++++ Data extracts ++++

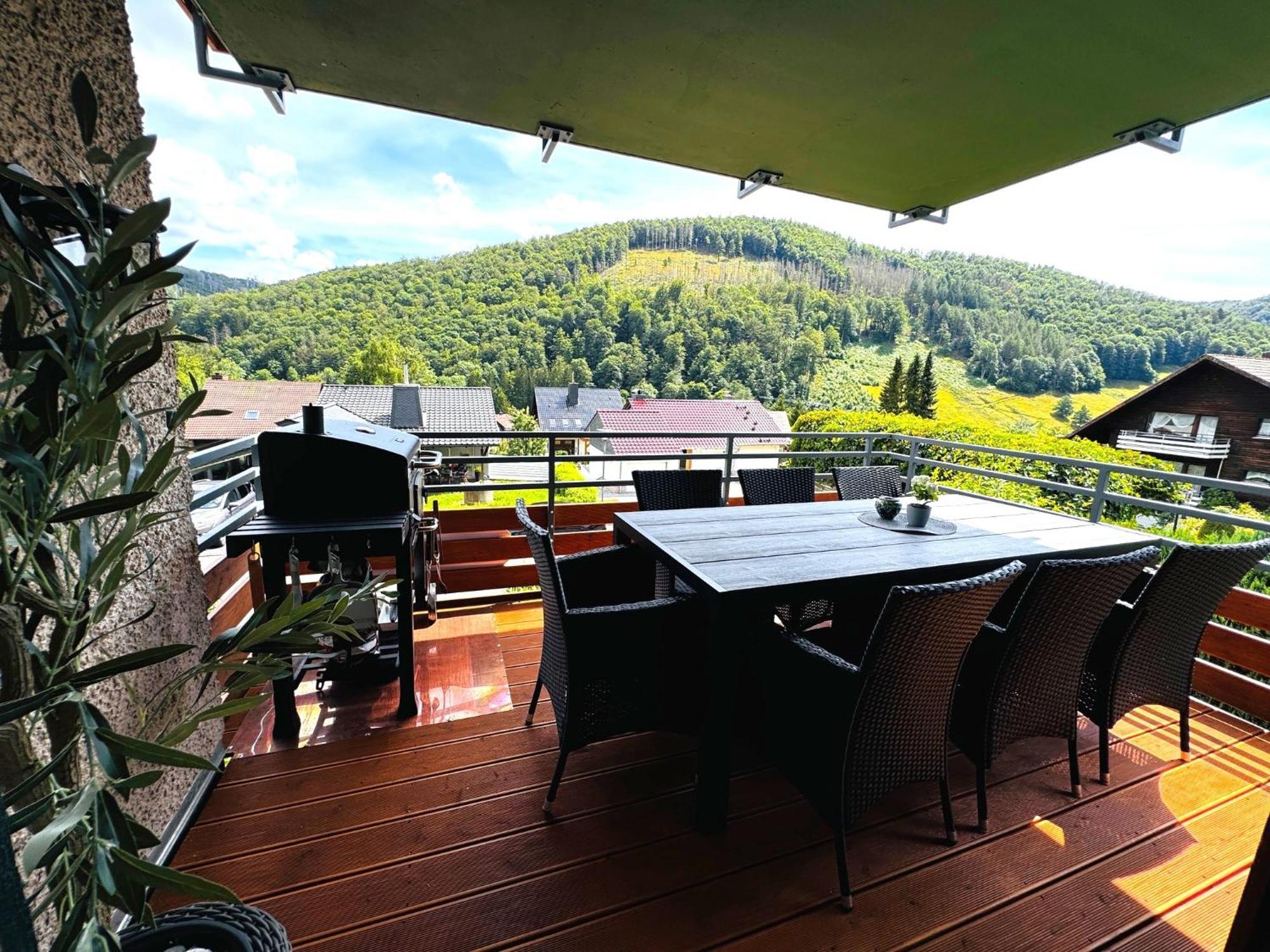Vila Haus Panoramablick Sieber Exteriér fotografie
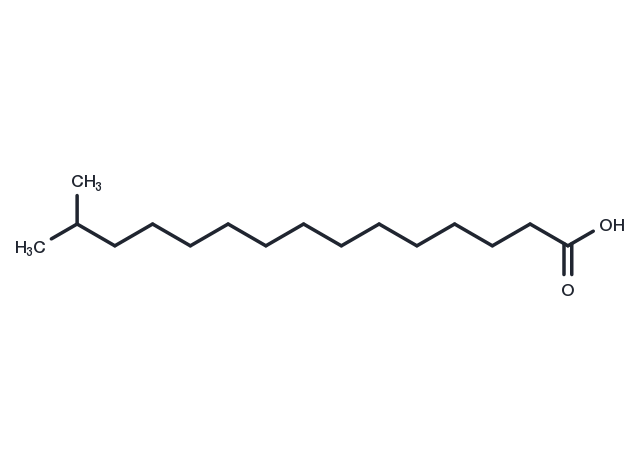 Isopalmitic acid Chemical Structure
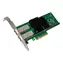 Intel Ethernet Converged Network Adapter X710-DA2 / PCI Express 3.0 x8 / 10 Gigabit SFP+ x2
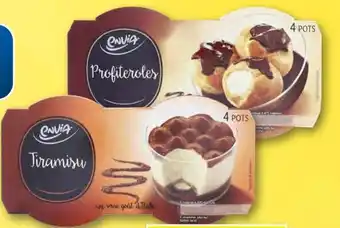 Lidl Envia desserts à l’italienne offre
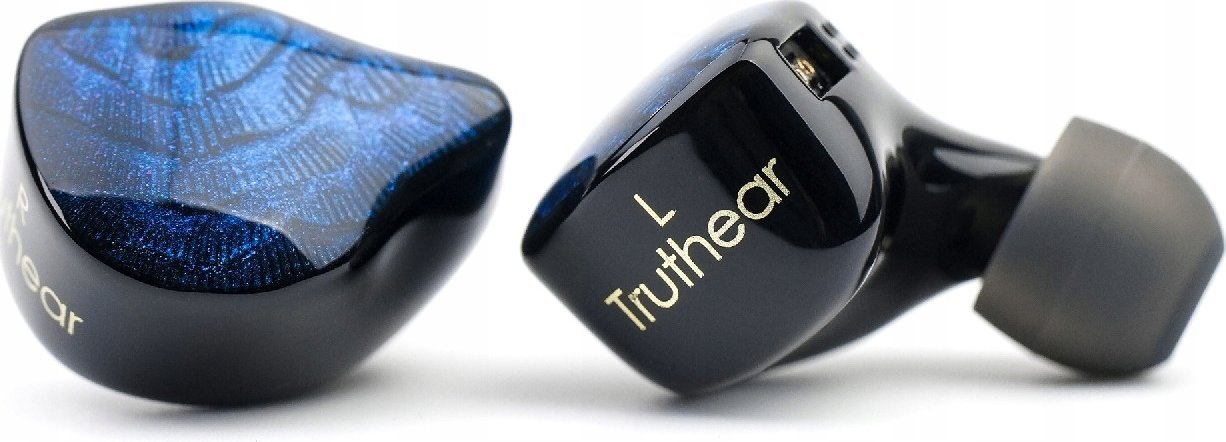 фото Навушники без мікрофону Truthear Nova Blue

++++

Work item:
Above are the records; reproduce them exactly and leave out the pictures.

Answer to this exercise:
Vila Haus Panoramablick Sieber Exteriér fotografie
 Isopalmitic acid Chemical Structure
 Intel Ethernet Converged Network Adapter X710-DA2 / PCI Express 3.0 x8 / 10 Gigabit SFP+ x2
 Lidl Envia desserts à l’italienne offre
 фото Навушники без мікрофону Truthear Nova Blue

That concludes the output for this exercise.